═══ DATASET EXTRACT ═══
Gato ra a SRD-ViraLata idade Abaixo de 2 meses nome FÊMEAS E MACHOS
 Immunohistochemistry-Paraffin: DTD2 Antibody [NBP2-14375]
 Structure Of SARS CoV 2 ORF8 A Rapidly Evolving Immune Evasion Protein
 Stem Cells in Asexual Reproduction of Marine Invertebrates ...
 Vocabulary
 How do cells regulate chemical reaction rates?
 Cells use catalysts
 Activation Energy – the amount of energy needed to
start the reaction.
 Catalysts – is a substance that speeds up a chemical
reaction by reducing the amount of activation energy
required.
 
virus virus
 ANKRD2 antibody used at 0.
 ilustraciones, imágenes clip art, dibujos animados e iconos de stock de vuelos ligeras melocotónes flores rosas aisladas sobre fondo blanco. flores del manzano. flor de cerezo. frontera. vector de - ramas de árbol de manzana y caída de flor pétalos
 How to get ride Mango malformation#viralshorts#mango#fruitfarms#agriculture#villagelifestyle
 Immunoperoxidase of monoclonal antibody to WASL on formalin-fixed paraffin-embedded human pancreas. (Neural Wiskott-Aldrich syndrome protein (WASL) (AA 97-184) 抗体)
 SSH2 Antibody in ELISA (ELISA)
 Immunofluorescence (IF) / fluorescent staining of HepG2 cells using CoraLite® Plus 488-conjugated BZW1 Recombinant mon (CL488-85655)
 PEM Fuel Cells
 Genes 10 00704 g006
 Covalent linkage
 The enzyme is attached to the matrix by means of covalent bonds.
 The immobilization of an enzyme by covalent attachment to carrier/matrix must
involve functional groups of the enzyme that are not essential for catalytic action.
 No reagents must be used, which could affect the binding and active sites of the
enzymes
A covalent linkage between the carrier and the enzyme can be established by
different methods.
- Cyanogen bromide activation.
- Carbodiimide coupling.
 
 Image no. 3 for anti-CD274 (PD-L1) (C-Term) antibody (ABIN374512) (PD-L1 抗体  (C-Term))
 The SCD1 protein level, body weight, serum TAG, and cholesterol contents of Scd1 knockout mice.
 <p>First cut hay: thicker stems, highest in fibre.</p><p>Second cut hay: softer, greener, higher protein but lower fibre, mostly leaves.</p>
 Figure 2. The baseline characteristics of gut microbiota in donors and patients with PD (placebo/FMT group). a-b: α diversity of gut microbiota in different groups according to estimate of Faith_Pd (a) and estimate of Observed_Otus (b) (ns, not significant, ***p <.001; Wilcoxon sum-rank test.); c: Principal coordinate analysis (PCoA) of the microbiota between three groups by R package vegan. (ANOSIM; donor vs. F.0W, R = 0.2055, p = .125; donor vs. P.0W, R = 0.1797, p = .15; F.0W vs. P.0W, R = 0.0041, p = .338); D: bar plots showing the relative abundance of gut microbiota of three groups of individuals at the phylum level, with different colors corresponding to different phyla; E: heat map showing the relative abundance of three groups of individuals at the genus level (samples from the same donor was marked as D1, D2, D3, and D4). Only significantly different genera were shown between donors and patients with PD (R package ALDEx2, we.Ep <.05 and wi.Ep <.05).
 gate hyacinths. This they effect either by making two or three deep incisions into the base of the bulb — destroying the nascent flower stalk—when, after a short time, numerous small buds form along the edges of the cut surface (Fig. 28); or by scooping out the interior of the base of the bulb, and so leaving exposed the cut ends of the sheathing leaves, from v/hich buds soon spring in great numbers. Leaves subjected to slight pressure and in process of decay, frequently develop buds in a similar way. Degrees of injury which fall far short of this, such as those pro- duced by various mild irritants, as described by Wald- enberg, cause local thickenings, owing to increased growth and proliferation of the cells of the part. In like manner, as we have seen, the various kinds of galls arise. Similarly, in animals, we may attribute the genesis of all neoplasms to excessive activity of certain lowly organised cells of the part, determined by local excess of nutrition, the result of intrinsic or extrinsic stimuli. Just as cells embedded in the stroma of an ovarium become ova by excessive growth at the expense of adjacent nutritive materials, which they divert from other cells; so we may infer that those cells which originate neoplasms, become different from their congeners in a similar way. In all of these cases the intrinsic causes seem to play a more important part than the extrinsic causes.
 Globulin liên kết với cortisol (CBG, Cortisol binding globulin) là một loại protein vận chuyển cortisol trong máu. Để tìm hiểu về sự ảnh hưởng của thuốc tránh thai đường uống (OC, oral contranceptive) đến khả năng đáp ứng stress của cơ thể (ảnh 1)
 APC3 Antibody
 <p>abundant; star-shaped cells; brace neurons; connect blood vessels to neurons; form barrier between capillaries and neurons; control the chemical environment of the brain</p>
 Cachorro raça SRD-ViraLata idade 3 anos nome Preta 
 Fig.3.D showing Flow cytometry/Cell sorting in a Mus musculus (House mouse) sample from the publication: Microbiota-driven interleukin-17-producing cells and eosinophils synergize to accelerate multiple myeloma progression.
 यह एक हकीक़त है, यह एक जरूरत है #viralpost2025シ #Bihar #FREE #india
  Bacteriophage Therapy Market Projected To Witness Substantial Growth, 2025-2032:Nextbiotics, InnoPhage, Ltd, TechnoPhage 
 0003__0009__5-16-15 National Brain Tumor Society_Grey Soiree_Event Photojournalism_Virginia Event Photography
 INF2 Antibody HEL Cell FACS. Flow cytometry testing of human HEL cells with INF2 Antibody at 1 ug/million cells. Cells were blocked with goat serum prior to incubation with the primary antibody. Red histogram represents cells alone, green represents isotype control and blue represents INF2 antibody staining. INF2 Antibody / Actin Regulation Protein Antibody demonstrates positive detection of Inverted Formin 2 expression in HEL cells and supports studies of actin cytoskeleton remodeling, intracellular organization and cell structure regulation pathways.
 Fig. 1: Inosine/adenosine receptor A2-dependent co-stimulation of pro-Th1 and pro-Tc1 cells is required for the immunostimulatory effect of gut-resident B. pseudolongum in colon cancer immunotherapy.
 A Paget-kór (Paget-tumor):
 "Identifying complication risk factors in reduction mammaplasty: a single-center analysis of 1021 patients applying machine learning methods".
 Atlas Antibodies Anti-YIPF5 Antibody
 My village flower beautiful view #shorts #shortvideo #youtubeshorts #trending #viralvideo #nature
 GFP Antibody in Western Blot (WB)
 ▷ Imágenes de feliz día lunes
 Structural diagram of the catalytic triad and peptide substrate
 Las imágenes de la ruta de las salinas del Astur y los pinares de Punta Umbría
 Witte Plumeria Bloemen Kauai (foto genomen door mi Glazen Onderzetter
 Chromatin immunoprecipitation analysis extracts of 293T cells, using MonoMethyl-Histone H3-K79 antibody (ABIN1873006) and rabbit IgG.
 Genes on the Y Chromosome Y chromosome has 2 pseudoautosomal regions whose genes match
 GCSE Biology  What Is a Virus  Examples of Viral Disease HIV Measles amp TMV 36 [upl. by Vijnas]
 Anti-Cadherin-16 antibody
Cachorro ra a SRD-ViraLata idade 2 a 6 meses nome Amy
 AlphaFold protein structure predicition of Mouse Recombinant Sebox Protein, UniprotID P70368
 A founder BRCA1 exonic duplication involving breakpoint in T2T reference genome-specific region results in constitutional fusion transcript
═══
- WHAT NEEDS TO BE DONE: When the line with "Image no. 3" is reached in the data above, begin copying, and stop after the line with "<p>First cut hay: thicker"; copy each line exactly, both ends included.

- EXERCISE RESPONSE:
 Image no. 3 for anti-CD274 (PD-L1) (C-Term) antibody (ABIN374512) (PD-L1 抗体  (C-Term))
 The SCD1 protein level, body weight, serum TAG, and cholesterol contents of Scd1 knockout mice.
 <p>First cut hay: thicker stems, highest in fibre.</p><p>Second cut hay: softer, greener, higher protein but lower fibre, mostly leaves.</p>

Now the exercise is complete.